═════ Records for this task ═════
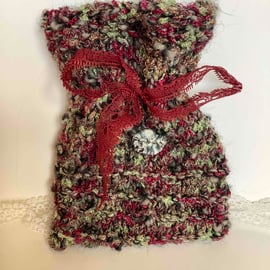 Hand knitted gift bag with grey swirly button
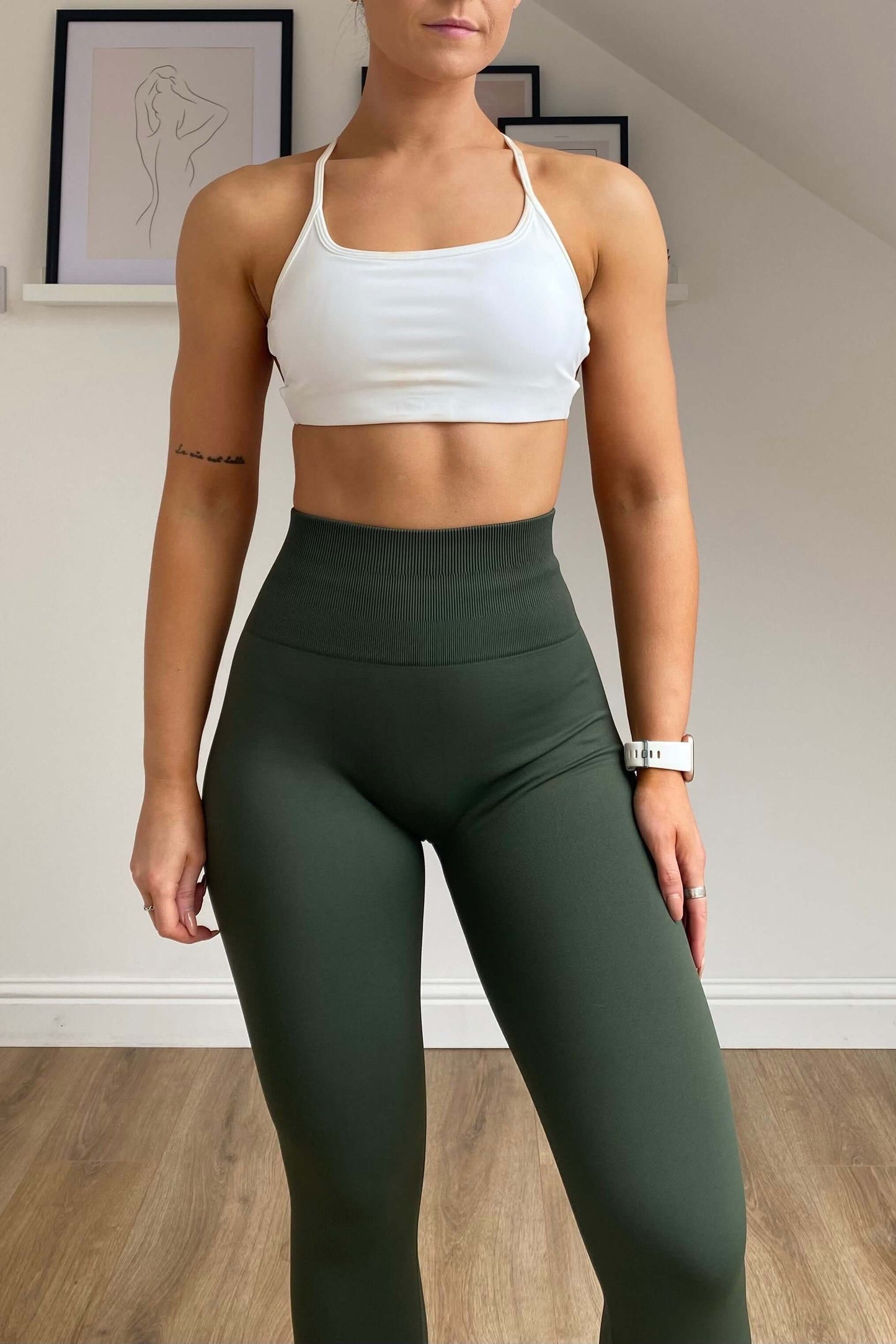 Skin2Skin Scrunch Collection - Scrunch Bum Leggings with ruched design, enhancing silhouette for workouts or casual wear. Seen on a woman's waist and wrist.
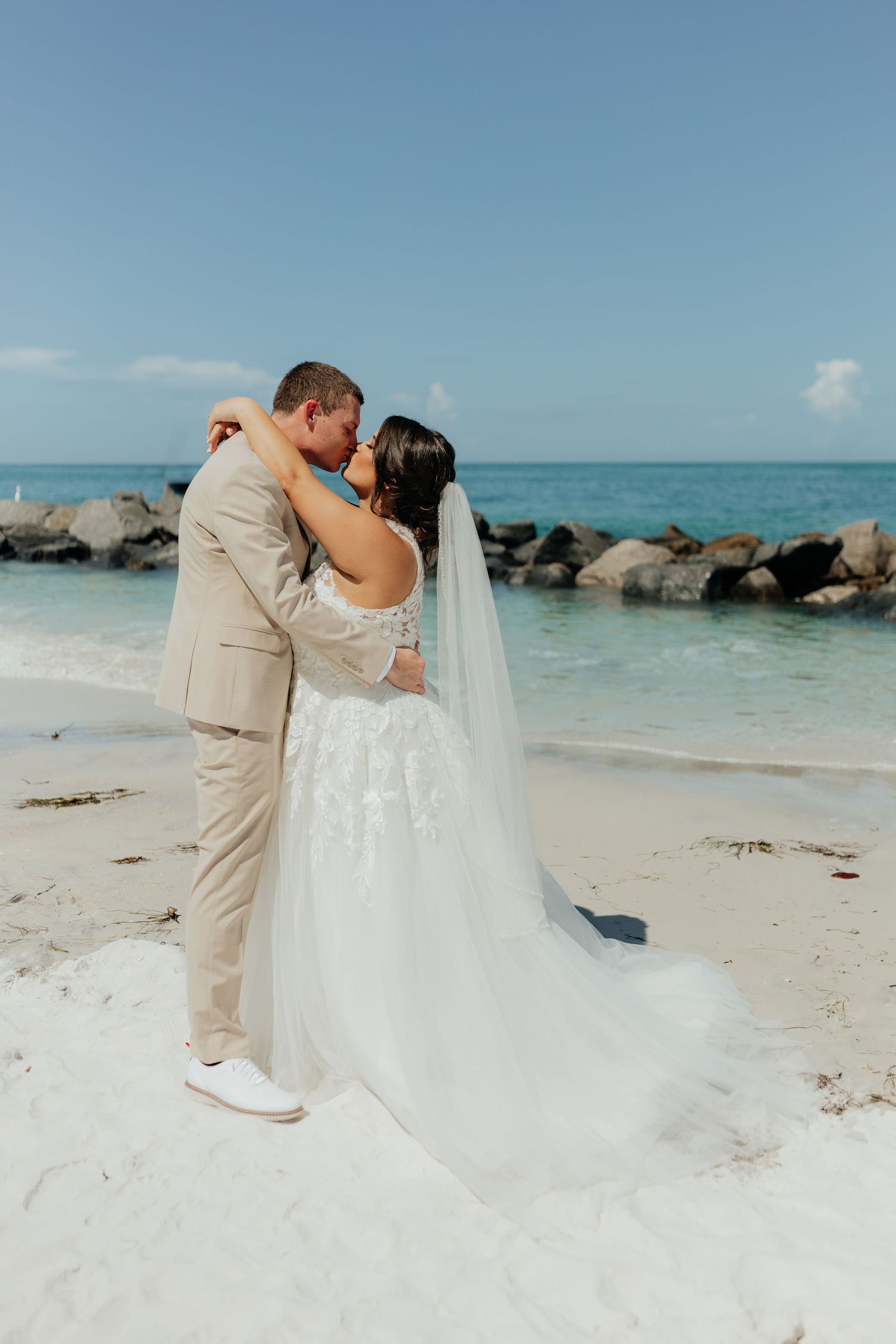 Bride and groom walking together during a wedding photography session.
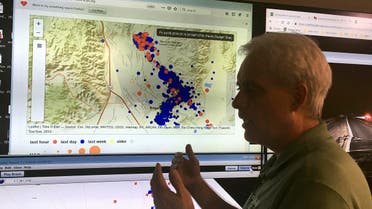 Robert Graves, a seismologist from the US Geological Survey, stands in front of a display of earthquakes in Searles Valley during a news conference  on July 5. (AP)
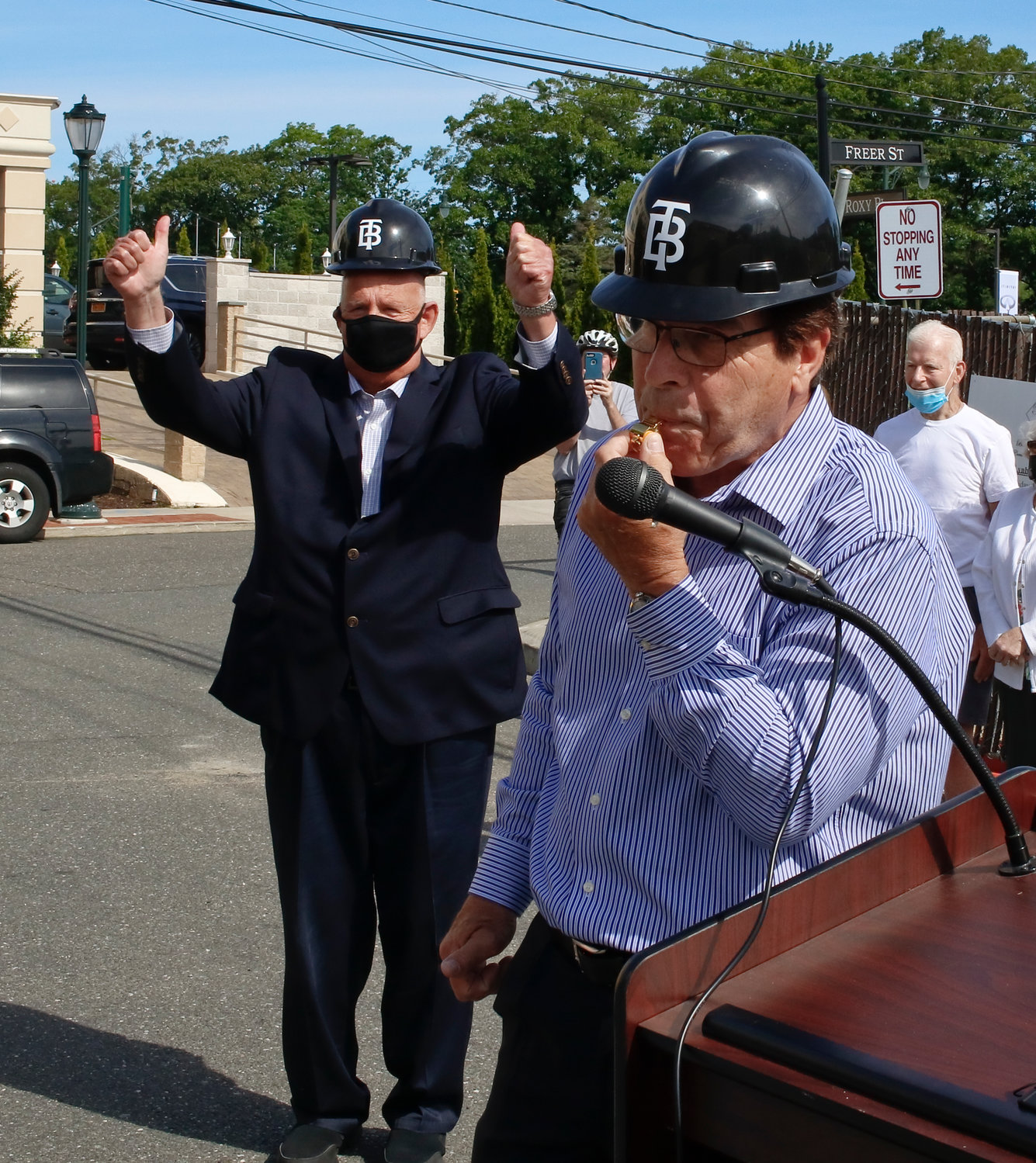 Mayor Alan Beach was presented with a golden whistle, which he blew to mark the start of demolition as Nassau County Industrial Development Agency Chairman Richard Kessel cheered.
═════
- **What you have to do**
Hand back the exact lines from the start of the entries to the line with "Robert Graves, a", both ends kept and pictures left out.

- **Reply**
 Hand knitted gift bag with grey swirly button
 Skin2Skin Scrunch Collection - Scrunch Bum Leggings with ruched design, enhancing silhouette for workouts or casual wear. Seen on a woman's waist and wrist.
 Bride and groom walking together during a wedding photography session.
 Robert Graves, a seismologist from the US Geological Survey, stands in front of a display of earthquakes in Searles Valley during a news conference  on July 5. (AP)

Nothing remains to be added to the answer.